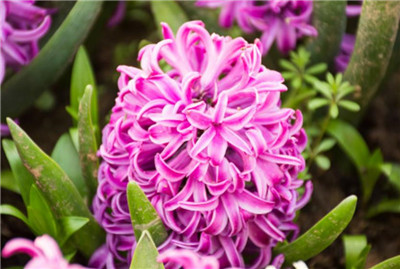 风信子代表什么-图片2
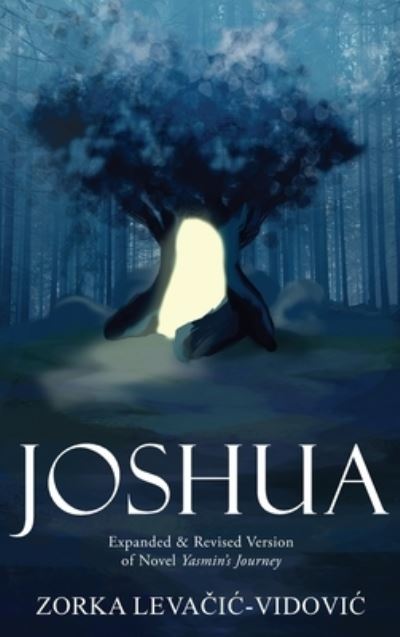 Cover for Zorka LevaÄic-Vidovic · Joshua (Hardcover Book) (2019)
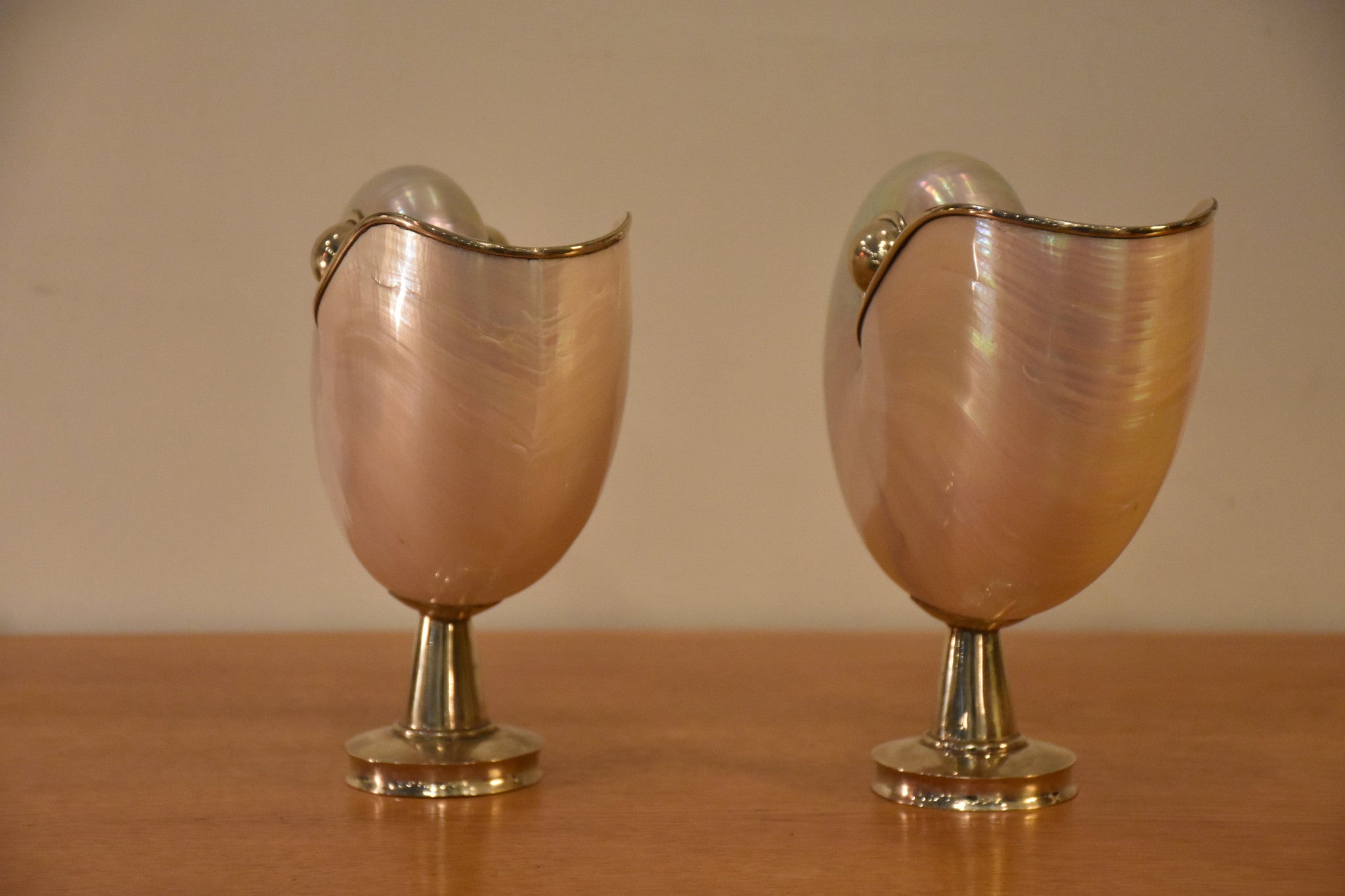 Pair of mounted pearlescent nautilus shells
====
§ TASK STATEMENT
Omit the pictures, then give all the lines above again exactly.

§ RESPONSE AREA
 风信子代表什么-图片2
 Cover for Zorka LevaÄic-Vidovic · Joshua (Hardcover Book) (2019)
 Pair of mounted pearlescent nautilus shells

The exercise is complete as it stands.